• _EXERCISE MATERIALS_:
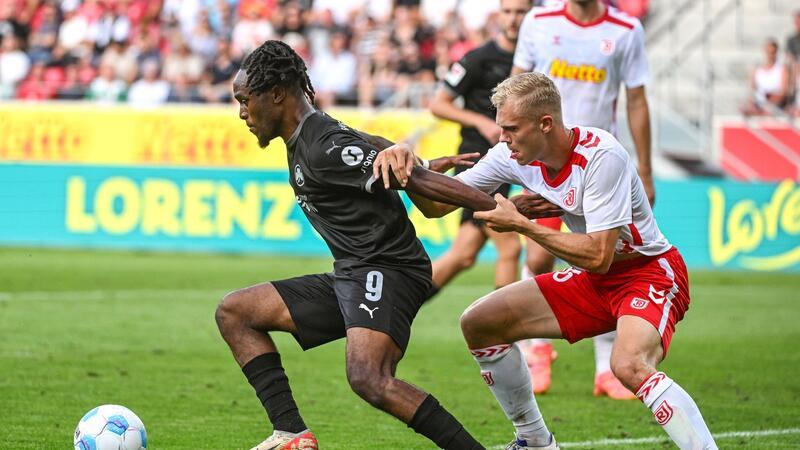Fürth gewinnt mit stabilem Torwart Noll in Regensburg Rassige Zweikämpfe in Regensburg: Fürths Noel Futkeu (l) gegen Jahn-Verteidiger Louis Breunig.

...

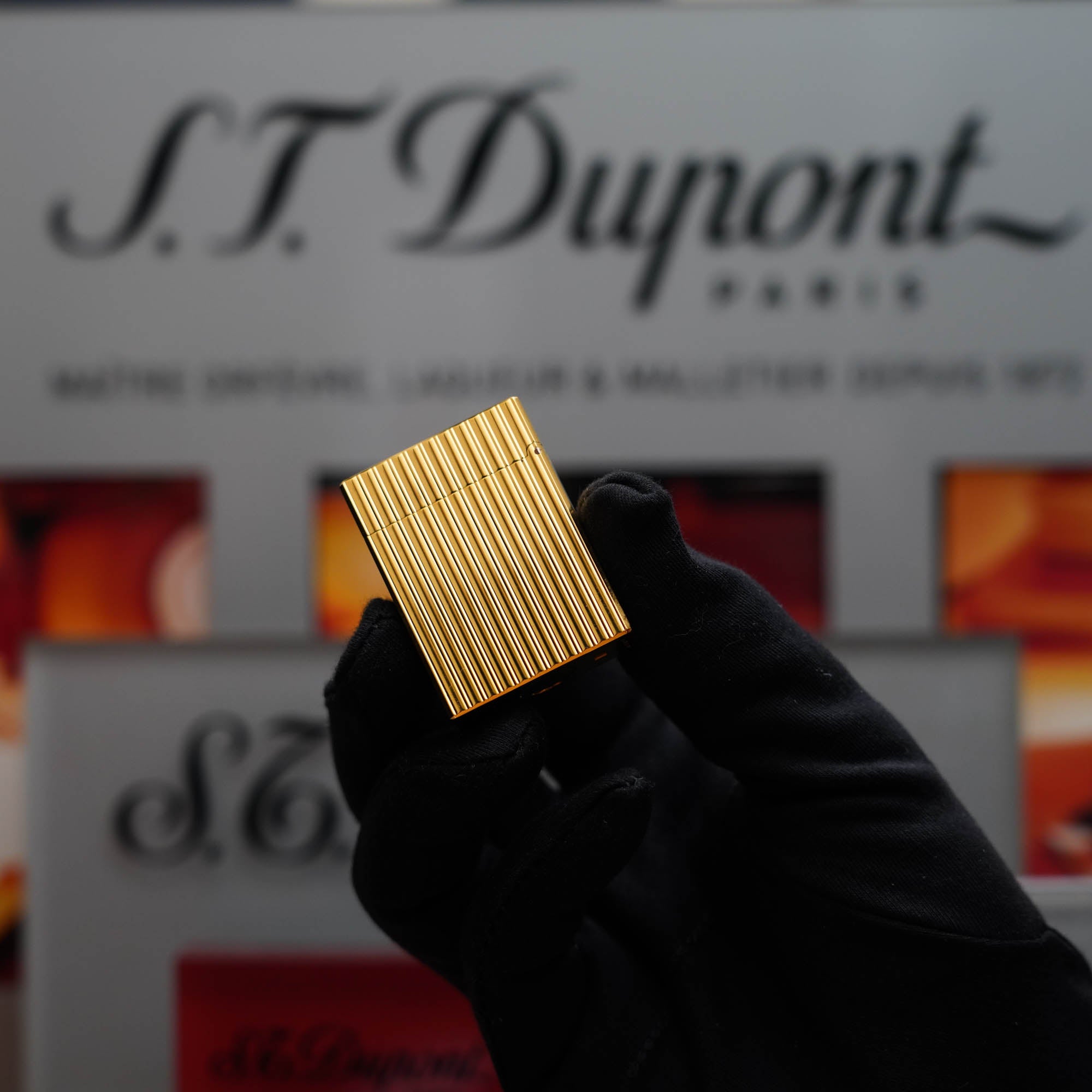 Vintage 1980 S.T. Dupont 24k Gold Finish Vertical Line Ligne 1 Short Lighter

...

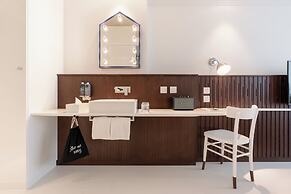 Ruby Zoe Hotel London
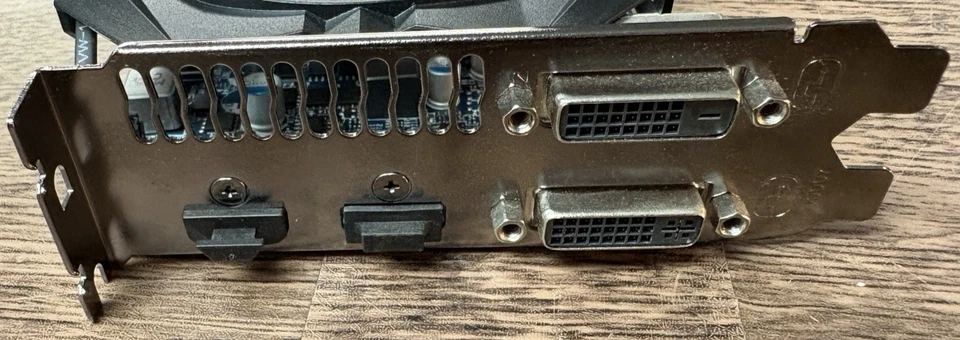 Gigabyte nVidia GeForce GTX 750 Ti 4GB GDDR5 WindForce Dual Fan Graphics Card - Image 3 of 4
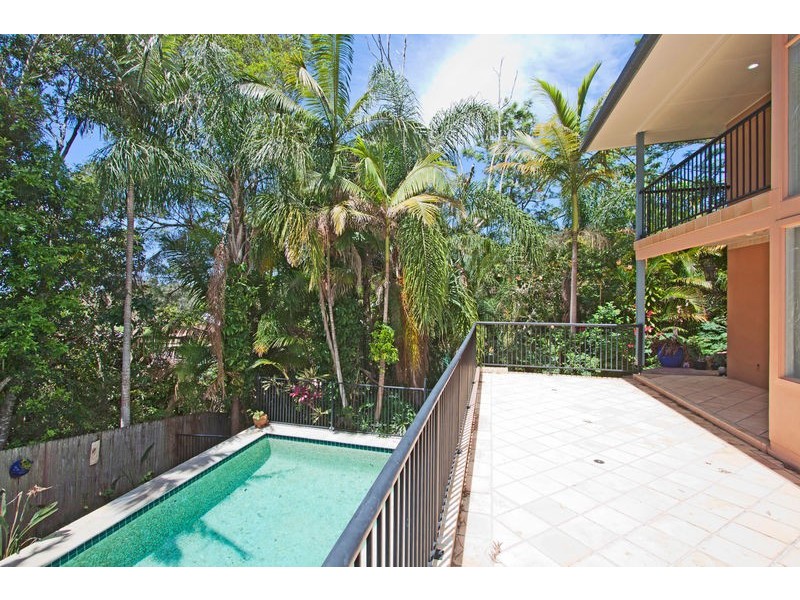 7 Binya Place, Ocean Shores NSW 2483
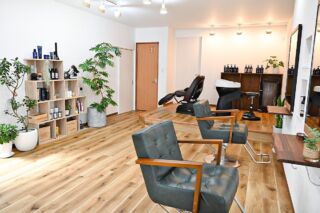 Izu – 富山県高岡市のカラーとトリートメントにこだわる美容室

• _EXERCISE INSTRUCTIONS_: Working from the entries above, reproduce exactly and only the lines beginning with the line that has "Ruby Zoe Hotel London" and ending with the line that has "Izu – 富山県高岡市のカラーとトリートメントにこだわる美容室"; omit all pictures.

• _ANSWER BOX_:
 Ruby Zoe Hotel London
 Gigabyte nVidia GeForce GTX 750 Ti 4GB GDDR5 WindForce Dual Fan Graphics Card - Image 3 of 4
 7 Binya Place, Ocean Shores NSW 2483
 Izu – 富山県高岡市のカラーとトリートメントにこだわる美容室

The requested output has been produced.